Typisch Mädchen – typisch Junge
3D-Fachtagung Diskussionen über geschlechterspezifische Rollen und Diskriminierung

An der 3D-Fachtagung Jugend (3D steht für drei Direktionen) des Kantons Baselland diskutierten Fachleute über Gender und Gleichstellung bei Jugendlichen. Durch Vorträge und Workshops wurde die Thematik vertieft. Die grosse Bedeutung des Anlasses unterstrich der Besuch der Regierungspräsidentin Kathrin Schweizer. Sie sagte, dass Gleichstellung nicht ab einem bestimmten Alter beginnt und erzählte eine Geschichte aus ihrer Jugend. Damals durfte sie und ihre Schwester nicht am Fackelumzug mitmachen, da dieser den Buben vorbehalten war. Zur Betonung der Männlichkeit malte ihr Vater den Mädchen einen Schnauz auf die Oberlippe. Schliesslich durften sie dann doch mitmarschieren.
Obwohl sich schon viel getan habe im Bereich Gleichstellung und der Möglichkeit, so zu leben, wie man will, fragt sie sich, ob es tatsächlich auch so sei.

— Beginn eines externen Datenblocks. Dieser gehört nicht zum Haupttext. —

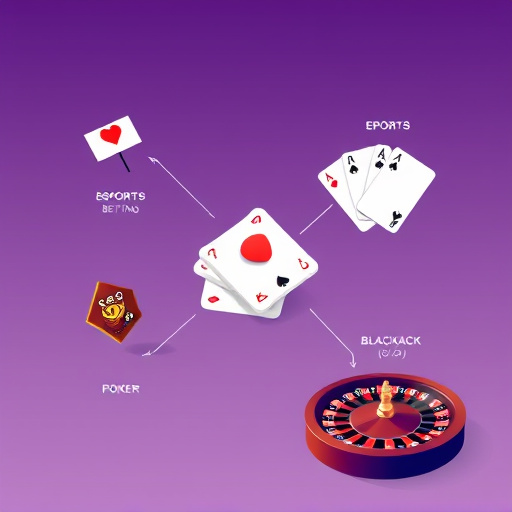 Banner www.betonghungyen.com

Die Moderatoren warfen das Zitat «Its better to be a bad feminist than no feminist» in die Runde und begrüssten Dominique Grisard vom Zentrum für Gender Studies an der Universität Basel. Sie erörterte, was typisch Mädchen oder typisch Junge sei. Dabei stellte sie fest, dass es unterschiedliche Vorstellungen von Geschlechtsdefinition gibt. Dass Gender Marketing durch die Gesellschaft geht, zeigte sie an den Beispielen von herbem Deo für Männer oder dem pinken Ladyshave und dem blumigen Duschgel.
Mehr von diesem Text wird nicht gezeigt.